Dec. 20: The Athletics are hiring Mark Kotsay as their next manager, reports Jon Heyman of the MLB Network (Twitter link). The news comes as little surprise, as Heyman had reported over the weekend that Oakland was zeroing in on Kotsay for the position.
It’ll be the first managerial stint for the 46-year-old, who spent the 2021 campaign as the A’s third base coach. While he’d only served in that capacity for one season, the longtime MLB outfielder has been on the Oakland staff for a while. Kotsay originally signed on as bench coach over the 2015-16 offseason. After two years in that capacity, he bounced to quality control coach for a few seasons before taking over third base coaching duties last winter.
Now, Kotsay’s in position to oversee a dugout for the first time. His taking over the managerial chair in Oakland this winter would’ve seemed completely improbable just a few months ago. Longtime A’s skipper Bob Melvin — generally regarded as one of the better managers around the league — remained under contract after the team exercised a 2022 option on his services in June. Yet Oakland brass eventually granted Melvin permission to explore opportunities elsewhere, and the three-time Manager of the Year fielded inquiries from the Padres. San Diego and Melvin finalized a three-year deal in early November, leaving Oakland on the hunt for a new dugout leader for the first time in over a decade.
Melvin’s departure was nothing short of shocking. Once the dust was settled, however, it became clear that Kotsay was as strong a candidate as anyone to succeed him. Not only has the latter spent the past six seasons taking on various roles in Oakland, he spent the 2014 campaign as a special assistant in the Padres’ front office and logged the following year as the Friars’ hitting coach.
That’s a wide array of experience, particularly considering Kotsay’s not that far removed from hanging up his spikes.
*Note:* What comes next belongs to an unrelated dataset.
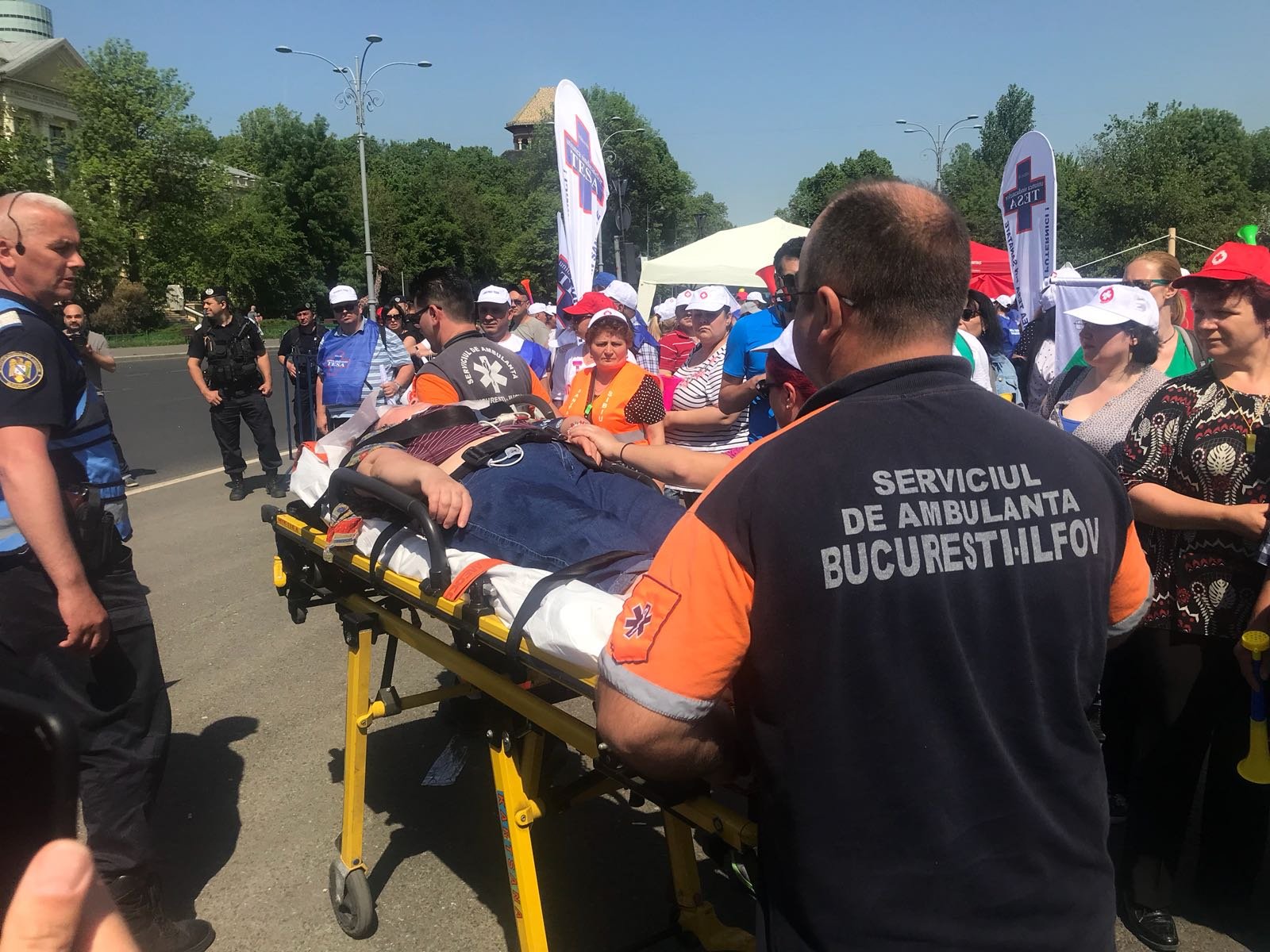 ambulanta la protestele SANITAS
The ninth overall pick in 1996 coming out of Cal State Fullerton, Kotsay made his big league debut with the Marlins a little more than a year after his draft day. He’d appear in the majors in each of the next sixteen seasons, continuing his playing career all the way through 2013.
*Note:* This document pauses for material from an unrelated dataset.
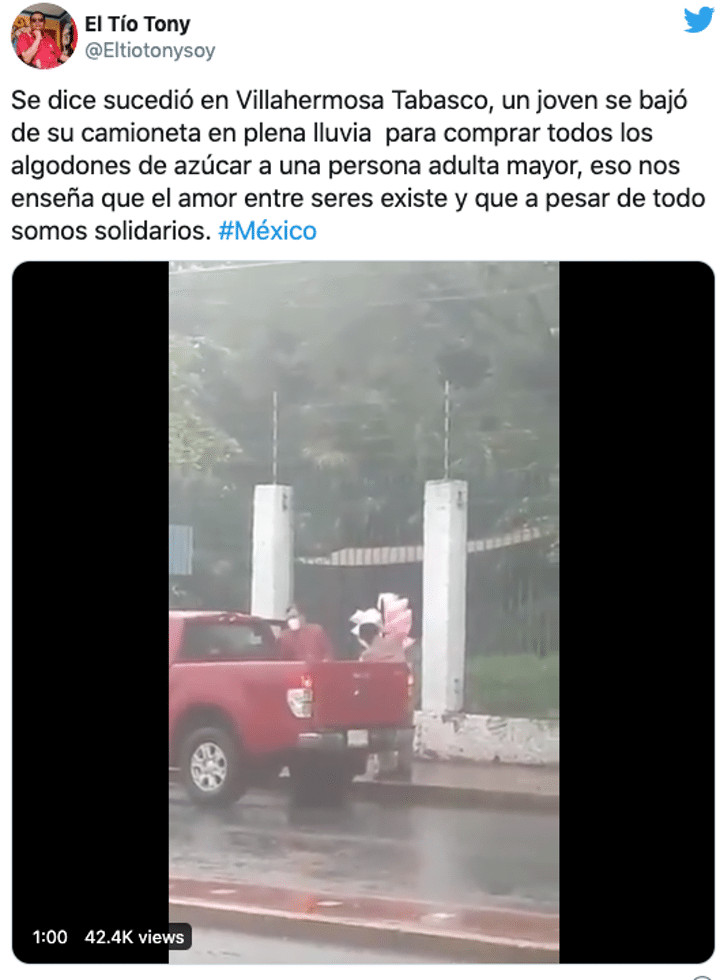 contioutra.com - Homem compra todo o algod&atilde;o doce de velhinho que trabalhava no meio da chuva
Kotsay appeared with seven different organizations during his MLB career, including two separate stints in San Diego and four years (2004-07) with the A’s. That stretch included a .314/.370/.459 showing in his first year in the Bay Area that stands out as one of the better seasons of his career. Oakland’s current top two front office decision-makers — executive vice president Billy Beane and general manager David Forst — were already in key positions with the A’s during that time, so Kotsay’s original stint in the organization likely laid the foundation for the key post-playing roles he’d eventually assume.
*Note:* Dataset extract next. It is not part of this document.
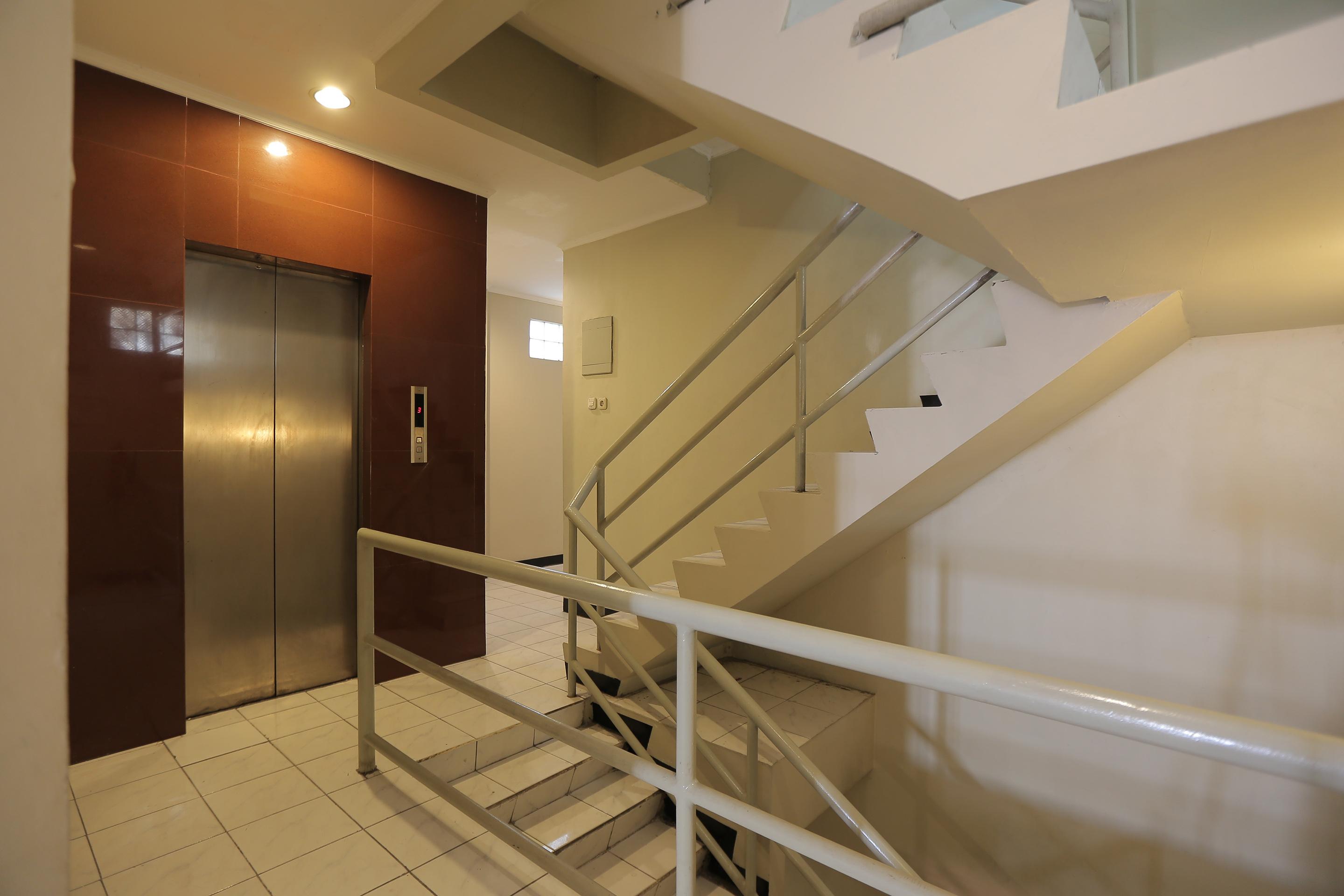 Oyo 117 Blueberry Homestay ジャカルタ エクステリア 写真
While Kotsay has yet to manage at any level professionally, he’s long been viewed as a viable candidate. By 2015, he’d been mentioned as a possibility to lead the Padres’ clubhouse on an interim basis after the firing of Bud Black, although that role eventually went to Pat Murphy. By the 2019-20 offseason, he was garnering consideration from clubs to land a managerial role on a permanent basis. He reportedly sat down with each of the Giants, Pirates, Astros and Red Sox that winter but didn’t ultimately land a gig. Last year, he interviewed with the Tigers for the position that eventually went to A.J. Hinch, but he’ll now get his opportunity with the franchise he arguably knows as well as any.
Aside from Kotsay, the A’s reportedly considered bullpen coach Marcus Jensen and hitting coach Darren Bush as possible internal options. Oakland also looked into Rays’ bench coach Matt Quatraro, Red Sox’s bench coach Will Venable and Astros’ bench coach Joe Espada. With the A’s the last team of the offseason to finalize their managerial situation, each of that group will have to wait at least one more year in the pursuit of their own first managerial nods.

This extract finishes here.